Suite à un arrêté départemental en date du 26 juillet, deux bataillons furent réquisitionnés et deux escadrons de cavalerie. Les districts de la Flèche, de Château-du Loir et de Sillé fournirent les hommes demandés, mais ailleurs la réquisition fut un échec retentissant, le district de Mamers malgré d’importants efforts ne put fournir que 14 volontaires… dont 7 furent déclarés impropres car n’ayant pas l’âge minimum de 18 ans1. La ville de Lude fournit un bataillon durant l’été.

Historique :

La division de droite de l’armée des Côtes de la Rochelle ayant été écrasée à Vihiers, le général Bonchamps pensa le moment venu d’une offensive plus ambitieuse. Le 26 juillet 1793, il s’empara des hauteurs d’Erigné et s’empara des Ponts-de-Cé.

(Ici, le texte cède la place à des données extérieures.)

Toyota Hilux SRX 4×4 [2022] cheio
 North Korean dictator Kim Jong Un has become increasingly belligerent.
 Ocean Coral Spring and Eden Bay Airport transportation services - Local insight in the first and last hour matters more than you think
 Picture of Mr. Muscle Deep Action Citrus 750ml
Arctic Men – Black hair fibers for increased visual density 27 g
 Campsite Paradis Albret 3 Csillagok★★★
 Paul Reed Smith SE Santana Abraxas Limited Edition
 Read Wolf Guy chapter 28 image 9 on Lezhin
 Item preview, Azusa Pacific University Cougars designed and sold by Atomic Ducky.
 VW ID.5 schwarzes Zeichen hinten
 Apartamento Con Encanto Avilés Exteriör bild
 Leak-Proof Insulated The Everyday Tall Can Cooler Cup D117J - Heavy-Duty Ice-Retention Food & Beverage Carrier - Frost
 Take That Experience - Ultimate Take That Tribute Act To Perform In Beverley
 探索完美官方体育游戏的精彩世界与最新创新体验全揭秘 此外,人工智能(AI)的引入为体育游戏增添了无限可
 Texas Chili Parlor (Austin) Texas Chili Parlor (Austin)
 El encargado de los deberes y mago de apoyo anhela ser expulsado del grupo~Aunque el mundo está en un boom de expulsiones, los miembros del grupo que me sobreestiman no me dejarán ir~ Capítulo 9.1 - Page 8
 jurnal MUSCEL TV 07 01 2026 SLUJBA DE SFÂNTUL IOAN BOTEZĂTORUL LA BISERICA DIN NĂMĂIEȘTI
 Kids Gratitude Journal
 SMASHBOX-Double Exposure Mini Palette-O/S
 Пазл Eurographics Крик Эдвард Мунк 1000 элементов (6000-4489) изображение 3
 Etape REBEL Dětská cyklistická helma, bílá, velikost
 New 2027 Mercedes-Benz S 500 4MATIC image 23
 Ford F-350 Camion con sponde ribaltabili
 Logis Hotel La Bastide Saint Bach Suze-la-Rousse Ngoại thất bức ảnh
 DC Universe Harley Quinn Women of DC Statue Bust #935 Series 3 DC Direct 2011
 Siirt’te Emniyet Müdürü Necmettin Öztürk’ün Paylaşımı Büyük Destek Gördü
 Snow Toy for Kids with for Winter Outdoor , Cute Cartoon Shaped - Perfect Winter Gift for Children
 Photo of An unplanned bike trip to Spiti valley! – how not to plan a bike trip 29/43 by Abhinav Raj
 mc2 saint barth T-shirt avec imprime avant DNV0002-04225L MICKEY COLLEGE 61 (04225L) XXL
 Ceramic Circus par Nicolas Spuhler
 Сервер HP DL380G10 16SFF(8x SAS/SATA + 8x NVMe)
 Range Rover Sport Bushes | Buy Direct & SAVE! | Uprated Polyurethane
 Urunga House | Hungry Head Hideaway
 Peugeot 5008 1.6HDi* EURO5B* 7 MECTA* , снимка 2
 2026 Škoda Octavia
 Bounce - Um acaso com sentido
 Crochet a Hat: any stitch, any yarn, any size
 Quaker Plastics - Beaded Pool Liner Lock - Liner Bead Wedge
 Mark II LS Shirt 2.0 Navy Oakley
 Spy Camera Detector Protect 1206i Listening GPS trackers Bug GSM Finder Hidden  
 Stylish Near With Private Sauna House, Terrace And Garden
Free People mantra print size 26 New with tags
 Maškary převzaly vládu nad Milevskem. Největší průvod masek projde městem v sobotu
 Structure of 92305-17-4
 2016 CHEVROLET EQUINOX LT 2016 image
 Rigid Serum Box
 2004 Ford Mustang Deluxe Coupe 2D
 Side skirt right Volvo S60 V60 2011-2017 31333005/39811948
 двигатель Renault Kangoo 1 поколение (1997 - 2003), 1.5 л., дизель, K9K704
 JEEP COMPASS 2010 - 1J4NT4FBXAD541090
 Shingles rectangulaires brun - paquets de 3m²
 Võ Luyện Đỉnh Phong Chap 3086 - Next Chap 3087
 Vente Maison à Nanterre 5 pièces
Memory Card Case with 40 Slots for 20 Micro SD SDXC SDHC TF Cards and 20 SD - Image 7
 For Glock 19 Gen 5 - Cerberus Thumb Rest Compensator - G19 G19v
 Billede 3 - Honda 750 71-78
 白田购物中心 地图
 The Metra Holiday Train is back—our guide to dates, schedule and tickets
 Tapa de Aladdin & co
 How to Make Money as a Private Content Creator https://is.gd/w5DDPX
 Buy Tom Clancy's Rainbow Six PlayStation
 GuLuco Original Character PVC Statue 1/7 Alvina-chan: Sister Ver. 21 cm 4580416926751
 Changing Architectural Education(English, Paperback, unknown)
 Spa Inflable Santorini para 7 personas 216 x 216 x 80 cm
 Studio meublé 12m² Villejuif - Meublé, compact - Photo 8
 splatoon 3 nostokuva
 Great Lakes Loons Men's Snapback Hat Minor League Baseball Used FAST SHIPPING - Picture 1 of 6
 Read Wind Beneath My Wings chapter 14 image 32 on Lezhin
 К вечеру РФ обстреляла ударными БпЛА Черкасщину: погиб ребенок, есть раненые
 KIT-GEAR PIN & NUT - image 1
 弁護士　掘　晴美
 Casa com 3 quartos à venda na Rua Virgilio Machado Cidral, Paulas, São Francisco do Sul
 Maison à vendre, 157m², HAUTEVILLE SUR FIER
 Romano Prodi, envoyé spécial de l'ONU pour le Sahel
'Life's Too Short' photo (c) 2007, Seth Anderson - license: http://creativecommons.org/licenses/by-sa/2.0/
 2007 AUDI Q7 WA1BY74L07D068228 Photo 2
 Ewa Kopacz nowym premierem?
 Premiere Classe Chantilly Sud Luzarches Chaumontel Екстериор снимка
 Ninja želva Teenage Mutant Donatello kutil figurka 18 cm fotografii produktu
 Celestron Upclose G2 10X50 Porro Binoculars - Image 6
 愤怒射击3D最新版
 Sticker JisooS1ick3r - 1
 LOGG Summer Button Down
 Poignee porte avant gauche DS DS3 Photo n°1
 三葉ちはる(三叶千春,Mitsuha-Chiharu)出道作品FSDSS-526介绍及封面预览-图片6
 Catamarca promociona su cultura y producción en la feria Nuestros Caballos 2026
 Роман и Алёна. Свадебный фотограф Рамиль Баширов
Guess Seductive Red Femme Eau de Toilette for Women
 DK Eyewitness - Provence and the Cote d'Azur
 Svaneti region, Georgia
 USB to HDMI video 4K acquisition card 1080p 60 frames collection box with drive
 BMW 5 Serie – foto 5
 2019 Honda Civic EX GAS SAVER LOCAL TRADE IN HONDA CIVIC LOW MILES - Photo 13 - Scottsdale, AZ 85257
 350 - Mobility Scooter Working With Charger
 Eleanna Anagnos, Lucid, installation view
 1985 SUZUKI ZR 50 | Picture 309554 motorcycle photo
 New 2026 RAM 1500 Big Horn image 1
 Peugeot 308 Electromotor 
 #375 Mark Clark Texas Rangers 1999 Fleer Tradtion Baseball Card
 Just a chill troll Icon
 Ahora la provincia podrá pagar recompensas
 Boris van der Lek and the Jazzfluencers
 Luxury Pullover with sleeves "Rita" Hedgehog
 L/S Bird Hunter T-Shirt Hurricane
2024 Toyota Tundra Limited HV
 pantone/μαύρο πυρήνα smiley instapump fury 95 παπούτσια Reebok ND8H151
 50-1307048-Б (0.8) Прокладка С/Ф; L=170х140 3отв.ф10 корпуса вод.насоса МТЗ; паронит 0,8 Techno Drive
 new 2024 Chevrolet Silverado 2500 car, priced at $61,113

La rive droite était forcée et la route d’Angers à nouveau ouverte. Le 6ème de Paris s’était replié sans même livrer combat, abandonnant les passages tout bonnement. Le lieutenant-colonel Bourgeois du 8ème de Paris, excita quant à lui à la lutte, mais il fut précipité dans le fleuve de la Loire avec ses 600 hommes. Il le traversa à la nage et rallia quelques survivants sur l’autre rive. Sa femme faite prisonnière par les Vendéens se jeta dit la légende dans les flots son enfant dans les bras, plutôt que de crier « Vive le Roi ! », un monument fut érigé à sa mémoire en 1891, à la Roche-du-Mur. Dans la ville d’Angers, la panique était totale, la population commençait déjà à fuir. Bourgeois bien que blessé rassembla son bataillon, ainsi que le bataillon des Lombards (Paris). Il fut rejoint par le bataillon de Jemmapes et contre-attaqua les bandes de Bonchamps. Ils se retranchèrent dans le château et dans les îles près des Ponts-de-Cé et résistèrent avec acharnement durant deux jours. Le 28 juillet, l’adjudant-général Talot apporta le renfort de la garde nationale d’Angers et des détachements de gardes nationaux de la Sarthe. Les paysans vendéens abandonnèrent alors Bonchamps, se replièrent et laissèrent les républicains maîtres des îles et bientôt de la butte d’Erigné.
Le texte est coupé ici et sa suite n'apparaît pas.